Reconciliation of Music Developments pre- and post-Hitler
Since my lecture on the subject of Music Restitution – available elsewhere on this blog – I have been forced over the intervening weeks to think more seriously about how we quantify the idea of musical loss. After all, ‘restitution’ is only another way of ‘making good’ or ‘restoring’ something that was taken away. Quantifying ‘loss’ is both more difficult than I had previously believed, yet at the same time, it’s more obvious.
Over successive decades since the end of the war, it has been far easier quantifying ‘gains’ – these were gains made by the many countries of refuge. Gains are easier to tot-up than losses – gains are tangible, losses are vague, verging on the abstract. Losses can only be estimated and are arrived at through conjecture. For that reason, it’s worth having a look at how loss is extrapolated from the musical voids that resulted from Nazi policies starting in 1933.

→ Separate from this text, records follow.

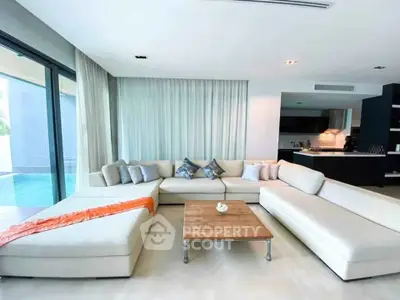 Luxurious modern living room with pool view and elegant furnishings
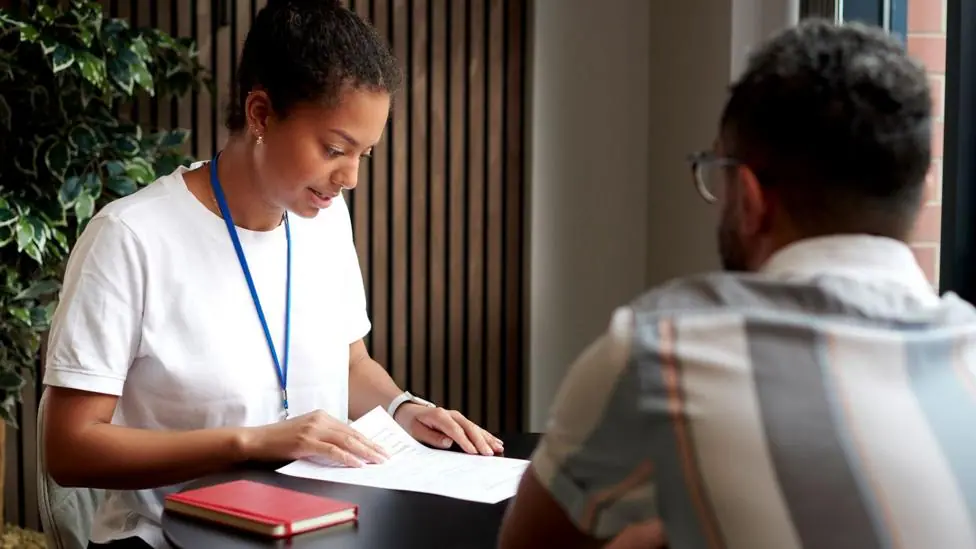 A young woman in a modern office at a table with a co-worker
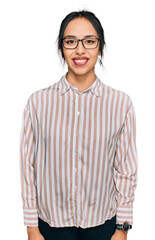 Young hispanic girl wearing casual clothes and glasses with a happy and cool smile on face. lucky person.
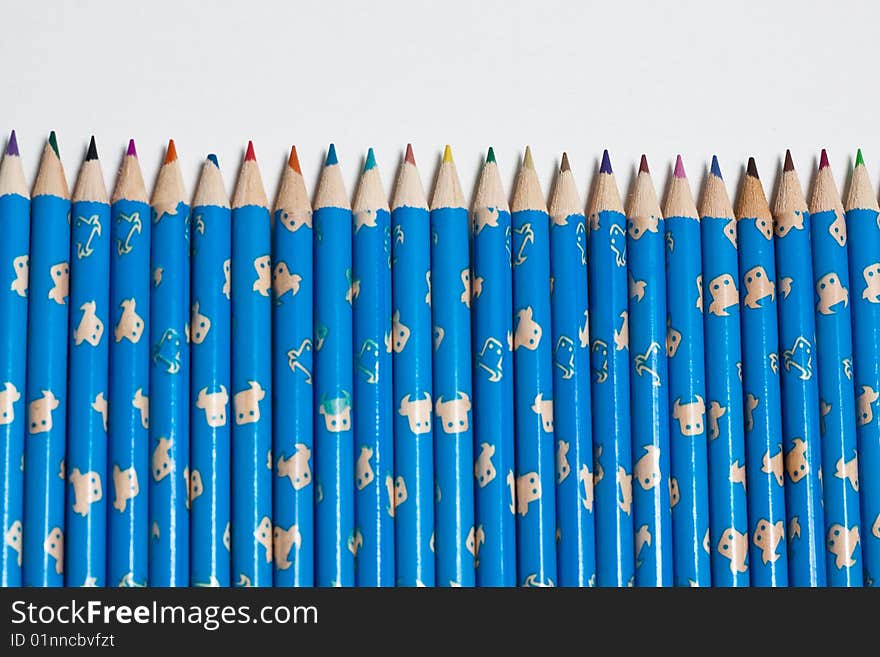 Stack of wooden crayon inside a tube case with one standing out. Stack of wooden crayon inside a tube case with one standing out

The other challenge is establishing who it was who suffered from the loss. In my lecture, I tried to demonstrate that the musical loss inflicted by Hitler’s regime was felt by two parties: the individuals forced to flee and the publics from whence they fled. If an object is stolen, it’s far easier according it a value that can be translated into a monetary price. If Klimt’s Goldene Adele fetched $135,000,000 at auction we know what was stolen and what it was worth in monetary terms. But value is not always the same as price. And placing a value on the losses suffered by musicians, academics, publishers, agents etc. along with the value suffered by the public that lost much of its musical environment is a more difficult concept to quantify. What would the un-composed works of a Walter Bricht fetch at Sotheby’s, for example? After fleeing Austria, and the Vienna Philharmonic cancelling a performance of his symphony as a result of the Anschluss, he never wrote another note. Erich Zeisl, whose output consisted mainly of Lieder, never set another German text after Komm süßer Tod, just before leaving Austria. And Bricht and Zeisl were not the only ones to lose their voice once forced to leave their homeland. There was Arthur Willner, Leopold Spinner, Manfred Gurlitt, Berthold Goldschmidt and dozens more, who either stopped composing or were seriously derailed.

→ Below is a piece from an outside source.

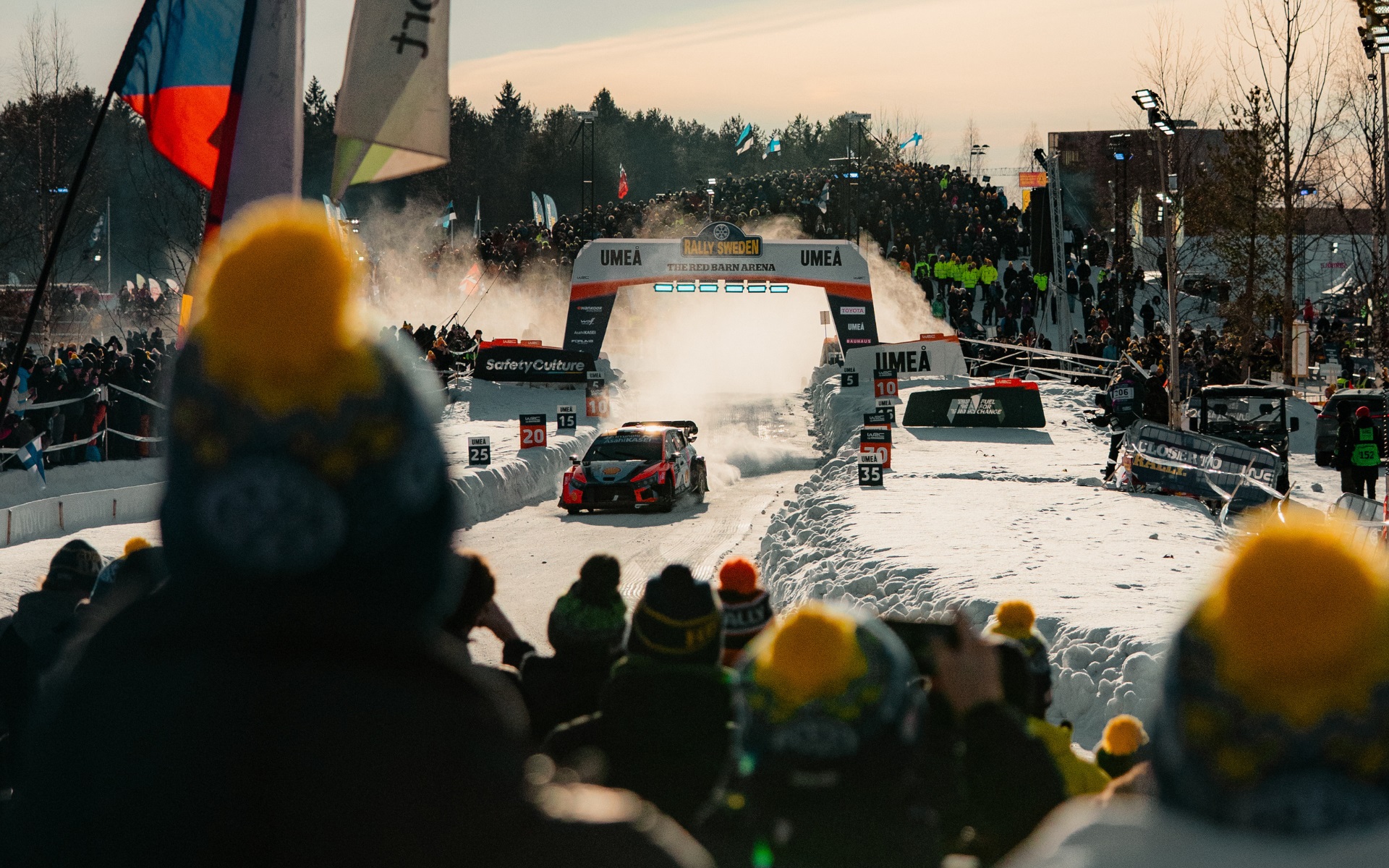 Rallybilar och folksamling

To make things easier, let’s imagine an updated tabula rasa of every performer, dancer, singer, composer or individual working in the music industry or within music scholarship being forced to flee because of their sexuality. As I have already mentioned in my article on Conchita Wurst, the social integration and legal emancipation of Jews in the 19th/20th centuries and LGBT (Lesbians, Gays, Bi- and Transsexuals) in the 20th /21st centuries share much in common. Prior to legislative changes, few communities were more despised and equality, along with slow social integration, was only achieved painfully against the resistance of the same obstructive alliances of religious groups, political conservatives, bone-headed bigots and the Russian political establishment. As the parallels seem so startling, I believe it provides a useful model for trying to conceptualise this question of loss, especially as both minorities gravitated so heavily towards music. Assuming such a decree was to be made – a Taliban takeover for example of the western world’s culture secretariats — at a stroke, New York’s Broadway and London’s West End would be virtually closed down. Opera houses, orchestras, music colleges, publishers, agencies and managements would be decimated. The question of whether the public could then be viewed as ‘victim’ becomes nearly redundant.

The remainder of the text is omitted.